You are viewing a plain text version of this content. The canonical link for it is here.
Posted to solr-user@lucene.apache.org by lalitjangra <la...@gmail.com> on 2014/02/13 06:15:59 UTC

Solr delta indexing approach

Hi,I am working on a prototyope where i have a content source & i am indexing
all documents & strore the index in solr.Now i have pre-condition that my
content source is ever changing means there is always new content added to
it. As i have read that solr use to do indexing on full source only
everytime solr is asked for indexing.But this may lead to underutilization
of reosources as same documents are getting reindexed again & again.Is there
any approach to handle such scenarios. E.g. I have 10000  documents in my
source which have been indexed by solr till today. But next day my source
has 11000 documents. So i want to i ndex only new 1000 documents not all
11000. Can anybody suggest for this?Thanks in advance.



--
View this message in context: http://lucene.472066.n3.nabble.com/Solr-delta-indexing-approach-tp4117068.html
Sent from the Solr - User mailing list archive at Nabble.com.

Re: Solr delta indexing approach

Posted by lalitjangra <la...@gmail.com>.
Thanks all.

I am following couple of articles for same.

I am sending data to solr instead of using DIH and able to successfully
index data in solr.

My concern here is to ensure how to minimize solr indexing so that only
updated data is indexed each time out of all data items.

Is this something OOTB available in solr or we need to do it?

Regards.



--
View this message in context: http://lucene.472066.n3.nabble.com/Solr-delta-indexing-approach-tp4117068p4117087.html
Sent from the Solr - User mailing list archive at Nabble.com.

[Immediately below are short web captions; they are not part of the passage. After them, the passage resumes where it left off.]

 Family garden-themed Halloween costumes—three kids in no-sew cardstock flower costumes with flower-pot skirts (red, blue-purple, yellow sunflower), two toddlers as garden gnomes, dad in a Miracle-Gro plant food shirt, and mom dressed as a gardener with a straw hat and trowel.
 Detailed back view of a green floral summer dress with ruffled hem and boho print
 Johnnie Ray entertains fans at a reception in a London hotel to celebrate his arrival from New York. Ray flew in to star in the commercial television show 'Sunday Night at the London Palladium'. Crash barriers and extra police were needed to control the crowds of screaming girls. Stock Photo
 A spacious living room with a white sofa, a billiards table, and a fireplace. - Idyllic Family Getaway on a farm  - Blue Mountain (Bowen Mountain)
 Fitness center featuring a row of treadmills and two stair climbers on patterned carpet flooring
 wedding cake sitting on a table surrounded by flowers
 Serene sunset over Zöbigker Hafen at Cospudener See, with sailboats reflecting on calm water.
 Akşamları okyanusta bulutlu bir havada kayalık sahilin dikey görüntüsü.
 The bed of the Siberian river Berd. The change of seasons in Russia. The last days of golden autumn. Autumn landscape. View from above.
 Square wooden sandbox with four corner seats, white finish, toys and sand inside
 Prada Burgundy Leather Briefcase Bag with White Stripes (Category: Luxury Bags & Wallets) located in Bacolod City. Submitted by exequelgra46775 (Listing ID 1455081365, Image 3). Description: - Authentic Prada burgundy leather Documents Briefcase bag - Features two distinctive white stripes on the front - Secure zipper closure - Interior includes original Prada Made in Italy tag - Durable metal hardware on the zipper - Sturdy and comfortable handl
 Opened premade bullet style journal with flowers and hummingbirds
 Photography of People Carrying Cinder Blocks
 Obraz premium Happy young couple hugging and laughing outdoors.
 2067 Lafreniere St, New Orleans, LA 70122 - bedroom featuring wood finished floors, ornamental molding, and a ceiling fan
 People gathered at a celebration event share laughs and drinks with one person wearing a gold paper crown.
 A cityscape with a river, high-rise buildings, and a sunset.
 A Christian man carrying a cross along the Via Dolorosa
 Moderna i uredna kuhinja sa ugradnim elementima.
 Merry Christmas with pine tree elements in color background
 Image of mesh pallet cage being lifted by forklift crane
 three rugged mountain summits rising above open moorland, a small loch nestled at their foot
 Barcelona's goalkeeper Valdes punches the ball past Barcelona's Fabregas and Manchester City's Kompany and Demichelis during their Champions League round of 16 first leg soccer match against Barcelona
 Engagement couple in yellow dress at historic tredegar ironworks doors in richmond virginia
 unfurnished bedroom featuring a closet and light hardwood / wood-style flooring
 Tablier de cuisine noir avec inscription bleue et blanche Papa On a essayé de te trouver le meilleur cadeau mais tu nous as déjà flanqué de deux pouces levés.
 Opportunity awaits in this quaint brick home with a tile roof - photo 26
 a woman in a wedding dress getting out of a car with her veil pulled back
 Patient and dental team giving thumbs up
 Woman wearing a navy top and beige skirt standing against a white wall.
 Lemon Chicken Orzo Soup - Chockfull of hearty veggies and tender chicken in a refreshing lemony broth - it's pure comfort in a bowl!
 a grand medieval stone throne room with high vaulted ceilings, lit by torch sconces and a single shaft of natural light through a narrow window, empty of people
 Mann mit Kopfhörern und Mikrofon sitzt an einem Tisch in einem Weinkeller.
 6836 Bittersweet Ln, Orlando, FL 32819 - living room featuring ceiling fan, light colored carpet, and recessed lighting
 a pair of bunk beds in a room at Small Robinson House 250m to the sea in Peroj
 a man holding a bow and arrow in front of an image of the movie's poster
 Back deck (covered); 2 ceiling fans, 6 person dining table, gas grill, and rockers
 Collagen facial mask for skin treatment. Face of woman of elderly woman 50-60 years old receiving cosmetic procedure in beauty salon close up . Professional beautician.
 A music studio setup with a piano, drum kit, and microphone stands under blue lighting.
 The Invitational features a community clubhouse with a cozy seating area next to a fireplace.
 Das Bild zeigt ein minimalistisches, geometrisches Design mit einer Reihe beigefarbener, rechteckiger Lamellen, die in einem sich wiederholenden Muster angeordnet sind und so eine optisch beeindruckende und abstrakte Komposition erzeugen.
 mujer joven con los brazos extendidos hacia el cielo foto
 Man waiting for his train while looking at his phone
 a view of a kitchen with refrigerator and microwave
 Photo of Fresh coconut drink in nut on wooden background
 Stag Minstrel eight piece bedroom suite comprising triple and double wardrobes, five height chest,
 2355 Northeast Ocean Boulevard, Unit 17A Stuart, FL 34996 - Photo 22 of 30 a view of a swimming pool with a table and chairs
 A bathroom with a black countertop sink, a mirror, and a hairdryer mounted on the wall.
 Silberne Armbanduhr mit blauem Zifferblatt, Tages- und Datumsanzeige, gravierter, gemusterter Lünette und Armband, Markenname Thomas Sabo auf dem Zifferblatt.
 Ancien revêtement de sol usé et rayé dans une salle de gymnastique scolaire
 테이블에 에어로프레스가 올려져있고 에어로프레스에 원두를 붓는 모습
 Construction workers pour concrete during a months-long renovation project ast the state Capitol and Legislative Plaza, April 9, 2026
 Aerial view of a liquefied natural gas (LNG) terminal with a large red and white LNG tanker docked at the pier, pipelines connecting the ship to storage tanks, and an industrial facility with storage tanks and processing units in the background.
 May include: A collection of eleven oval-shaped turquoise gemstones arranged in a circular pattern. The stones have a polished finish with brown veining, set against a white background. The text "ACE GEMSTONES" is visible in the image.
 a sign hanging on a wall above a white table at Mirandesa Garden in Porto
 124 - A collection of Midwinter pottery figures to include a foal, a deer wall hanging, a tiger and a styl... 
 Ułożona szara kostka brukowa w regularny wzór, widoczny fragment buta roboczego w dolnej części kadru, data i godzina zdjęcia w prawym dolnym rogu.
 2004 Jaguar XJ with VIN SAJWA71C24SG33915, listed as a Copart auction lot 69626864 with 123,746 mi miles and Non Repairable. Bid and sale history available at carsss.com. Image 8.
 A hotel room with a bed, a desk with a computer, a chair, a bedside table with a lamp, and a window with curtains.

Re: Solr delta indexing approach

Posted by Alexandre Rafalovitch <ar...@gmail.com>.
I'd start from doing Solr tutorial. It will explain a lot of things.
But in summary, you can send data to Solr (best option) or you can
pull it using DataImportHandler. Take your pick, do the tutorial,
maybe read some books. Then come back with specific questions of where
you started.

Regards,
   Alex.
Personal website: http://www.outerthoughts.com/
LinkedIn: http://www.linkedin.com/in/alexandrerafalovitch
- Time is the quality of nature that keeps events from happening all
at once. Lately, it doesn't seem to be working.  (Anonymous  - via GTD
book)


On Thu, Feb 13, 2014 at 12:45 PM, lalitjangra <la...@gmail.com> wrote:
> Thanks Alex,
>
> Yes my source system maintains the crettion & last modificaiton system of
> each document.
>
> As per your inputs, can i assume that next time when solr starts indexing,
> it  scans all the prsent in source but only picks those for indexing which
> are either new or have been updated since last successful indexing.
>
> How solr does this or in short what is solr strategy for indexing? I would
> definitely like to know more about it & if you can share your thoughts on
> same, it would be great.
>
> Regards,
> Lalit.
>
>
>
>
>
>
>
> --
> View this message in context: http://lucene.472066.n3.nabble.com/Solr-delta-indexing-approach-tp4117068p4117077.html
> Sent from the Solr - User mailing list archive at Nabble.com.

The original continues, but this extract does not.